MARTIN: Marc Morial, what about you? You've been advocating for the minimum - an increase in the minimum wage.

MORIAL: Yeah, and there's a long list of recommendations that are contained in the report. But short-term, increasing the minimum wage is going to help people's earnings rise - about 28 million Americans, many of them women, about half of them people of color. Secondly, we'll advocate very strongly for investments in transportation infrastructure, to put people back to work fixing roads, bridges, the infrastructure of our communities and our nations. And then thirdly, I think - and the report focuses on this, and the Urban League is in the center of this - this concept of partnerships.

We've got a public-private nonprofit partnership called Jobs Rebuild America that we are leading right now. It's a $100 million investment over a five-year period.
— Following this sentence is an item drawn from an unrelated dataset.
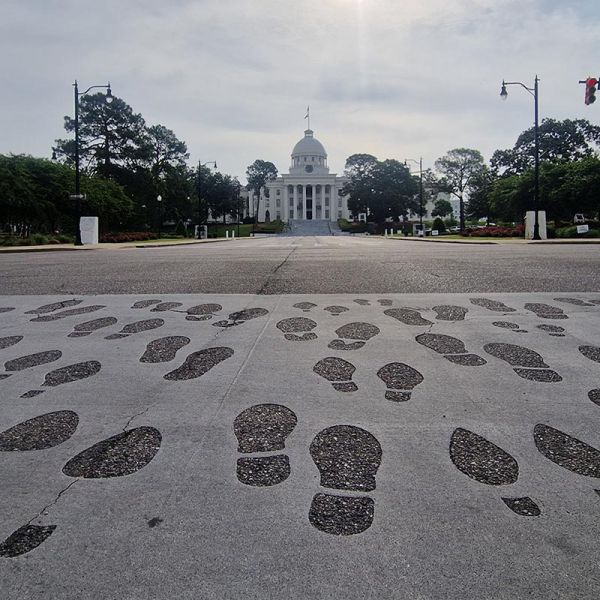 Footprints set into the pavement on Dexter Avenue commemorate the 1965 Selma to Montgomery civil rights march, leading towards the white-domed Alabama State Capitol
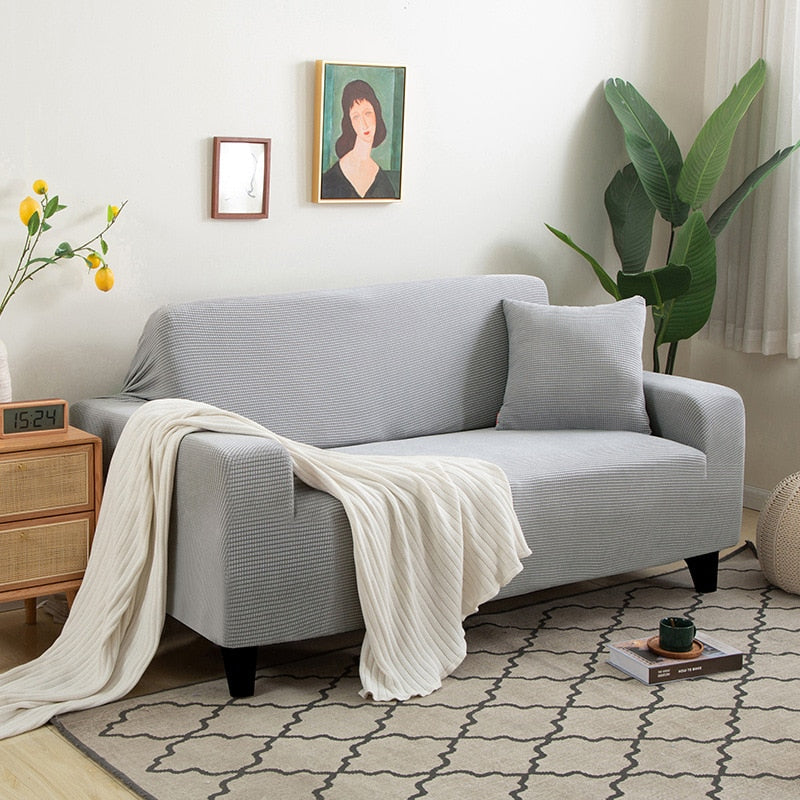 Rénovation meuble: housse canapé extensible jacquard, protection efficace et élégante.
It's an expansion of job training to train people for the jobs of today, afterschool programs with a focus on STEM and entrepreneurship. So there are many, many solutions. We need more scale. We need more emphasis. And the idea behind the report is to point out this crisis and to say it remains a crisis. And we have to realize so much more needs to be done.

MARTIN: Spencer Overton, you were telling us that the policies today will determine whether income inequality will continue along racial lines as we've seen from -geographically, it does vary, which is interesting 'cause I think that is probably a relatively new development...


MARTIN: ...That income inequality actually does vary...

MORIAL: This research is different...

MARTIN: ...From place to place.

MORIAL: ...You see. That's why this is so interesting because we've got the local information.

MARTIN: But, Spencer Overton, I'm going to give you a final thought here. I gave Marc Morial the first word. I'm going to give you the final word. What else do you want policymakers to keep in mind as they look at this information?

OVERTON: Well, important, in terms of 2043, majority people-of-color country. We need policies today that ensure that inequality doesn't track racial lines in the future. One small quibble that I would have has to do civic engagement. The report focuses on voter registration and some other factors.

There are variety of other areas where civic engagement there is not parody - representation in the U.S. Senate, who is giving money. And so I would really encourage the Urban League to incorporate some other factors in the civic engagement moving forward.

MARTIN: OK. Spencer Overton is interim president of the Joint Center for Political and Economic Studies. That's a research and policy organization based in Washington, D.C. Marc Morial is president of the National Urban League. They were both kind enough to join us in our Washington, D.C. studios. That you both...

MORIAL: Thanks, Michel.

MARTIN: ...So much for speaking with us.

MORIAL: Thank you.

OVERTON: Thanks, Michel. Transcript provided by NPR, Copyright NPR.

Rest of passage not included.